-- WORK ITEM --
Where a line of the entries holds the string "Neck", copy that line.
***
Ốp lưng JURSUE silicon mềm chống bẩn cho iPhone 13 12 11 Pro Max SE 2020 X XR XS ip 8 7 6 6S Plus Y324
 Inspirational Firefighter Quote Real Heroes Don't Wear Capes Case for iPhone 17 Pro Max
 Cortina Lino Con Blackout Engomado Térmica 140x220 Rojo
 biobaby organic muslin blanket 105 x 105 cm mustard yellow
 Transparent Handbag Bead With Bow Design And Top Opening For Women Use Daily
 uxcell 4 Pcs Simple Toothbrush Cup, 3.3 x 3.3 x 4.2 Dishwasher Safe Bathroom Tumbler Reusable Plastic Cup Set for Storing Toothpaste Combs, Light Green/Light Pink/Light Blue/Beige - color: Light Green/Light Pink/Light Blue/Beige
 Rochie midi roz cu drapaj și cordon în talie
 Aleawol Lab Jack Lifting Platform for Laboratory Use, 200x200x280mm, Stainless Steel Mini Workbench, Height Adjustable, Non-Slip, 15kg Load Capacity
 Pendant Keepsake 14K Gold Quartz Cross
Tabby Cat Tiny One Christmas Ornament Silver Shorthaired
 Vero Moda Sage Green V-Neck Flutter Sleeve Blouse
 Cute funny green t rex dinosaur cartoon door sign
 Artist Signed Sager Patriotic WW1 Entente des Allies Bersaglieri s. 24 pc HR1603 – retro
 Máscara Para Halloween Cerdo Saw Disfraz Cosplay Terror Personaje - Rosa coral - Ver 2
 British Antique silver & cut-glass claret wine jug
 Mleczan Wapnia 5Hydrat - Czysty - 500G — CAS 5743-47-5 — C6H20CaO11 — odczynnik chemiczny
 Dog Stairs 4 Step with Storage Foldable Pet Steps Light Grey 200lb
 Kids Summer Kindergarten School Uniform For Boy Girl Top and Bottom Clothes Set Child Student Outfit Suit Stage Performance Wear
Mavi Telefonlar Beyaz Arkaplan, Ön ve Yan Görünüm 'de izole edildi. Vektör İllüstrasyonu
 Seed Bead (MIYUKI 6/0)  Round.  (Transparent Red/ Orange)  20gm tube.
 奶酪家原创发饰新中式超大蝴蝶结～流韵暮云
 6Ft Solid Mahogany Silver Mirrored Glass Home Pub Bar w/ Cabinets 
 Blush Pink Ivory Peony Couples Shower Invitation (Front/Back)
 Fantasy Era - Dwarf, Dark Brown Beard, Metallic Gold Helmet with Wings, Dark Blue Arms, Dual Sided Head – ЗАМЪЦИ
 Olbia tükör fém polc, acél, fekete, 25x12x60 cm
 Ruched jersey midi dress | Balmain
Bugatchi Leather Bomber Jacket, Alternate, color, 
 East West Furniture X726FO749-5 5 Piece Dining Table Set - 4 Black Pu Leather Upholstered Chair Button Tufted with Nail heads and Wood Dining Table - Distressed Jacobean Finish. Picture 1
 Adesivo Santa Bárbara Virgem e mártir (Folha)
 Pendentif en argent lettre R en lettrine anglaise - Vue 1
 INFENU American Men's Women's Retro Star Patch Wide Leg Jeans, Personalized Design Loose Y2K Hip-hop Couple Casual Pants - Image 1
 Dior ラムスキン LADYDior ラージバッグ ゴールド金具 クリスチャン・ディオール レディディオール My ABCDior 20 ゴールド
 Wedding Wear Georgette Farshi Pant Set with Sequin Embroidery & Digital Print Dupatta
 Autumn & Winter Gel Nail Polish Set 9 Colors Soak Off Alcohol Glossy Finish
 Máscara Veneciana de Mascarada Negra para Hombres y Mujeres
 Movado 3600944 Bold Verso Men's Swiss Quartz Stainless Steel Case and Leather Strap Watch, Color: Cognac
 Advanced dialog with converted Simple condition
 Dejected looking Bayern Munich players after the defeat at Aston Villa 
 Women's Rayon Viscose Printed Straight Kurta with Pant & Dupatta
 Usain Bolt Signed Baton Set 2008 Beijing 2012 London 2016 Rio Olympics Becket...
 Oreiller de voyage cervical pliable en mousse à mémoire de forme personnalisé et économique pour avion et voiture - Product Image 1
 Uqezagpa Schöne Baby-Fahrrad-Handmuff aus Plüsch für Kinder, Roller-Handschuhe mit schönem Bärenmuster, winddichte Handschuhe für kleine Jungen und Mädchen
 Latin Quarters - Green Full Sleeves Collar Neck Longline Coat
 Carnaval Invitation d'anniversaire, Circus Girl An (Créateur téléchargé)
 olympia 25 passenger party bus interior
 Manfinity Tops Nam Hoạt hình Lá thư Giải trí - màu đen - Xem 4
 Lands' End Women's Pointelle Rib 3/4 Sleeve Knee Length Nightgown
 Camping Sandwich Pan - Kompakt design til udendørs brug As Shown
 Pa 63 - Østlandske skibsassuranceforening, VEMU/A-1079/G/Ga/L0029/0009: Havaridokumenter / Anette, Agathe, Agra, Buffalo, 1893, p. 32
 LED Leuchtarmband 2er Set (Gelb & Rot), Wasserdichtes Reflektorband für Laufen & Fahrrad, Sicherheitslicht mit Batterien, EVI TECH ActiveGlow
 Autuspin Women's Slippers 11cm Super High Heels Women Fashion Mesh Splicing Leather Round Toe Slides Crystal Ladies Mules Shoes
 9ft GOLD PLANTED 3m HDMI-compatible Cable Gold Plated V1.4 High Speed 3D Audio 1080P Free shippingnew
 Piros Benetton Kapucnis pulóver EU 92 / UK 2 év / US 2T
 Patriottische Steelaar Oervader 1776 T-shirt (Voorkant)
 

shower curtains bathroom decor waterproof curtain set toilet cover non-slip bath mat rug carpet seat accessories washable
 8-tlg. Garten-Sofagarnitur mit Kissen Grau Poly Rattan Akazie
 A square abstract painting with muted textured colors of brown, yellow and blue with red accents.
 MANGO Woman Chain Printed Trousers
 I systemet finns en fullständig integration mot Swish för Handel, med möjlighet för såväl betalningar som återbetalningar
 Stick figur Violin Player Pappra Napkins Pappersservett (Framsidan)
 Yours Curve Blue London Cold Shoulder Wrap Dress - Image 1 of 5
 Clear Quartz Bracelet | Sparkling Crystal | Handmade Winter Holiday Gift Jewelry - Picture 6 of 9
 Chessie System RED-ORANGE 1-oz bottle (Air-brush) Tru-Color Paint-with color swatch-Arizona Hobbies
***
-- EXERCISE RESPONSE --
 Vero Moda Sage Green V-Neck Flutter Sleeve Blouse
 Latin Quarters - Green Full Sleeves Collar Neck Longline Coat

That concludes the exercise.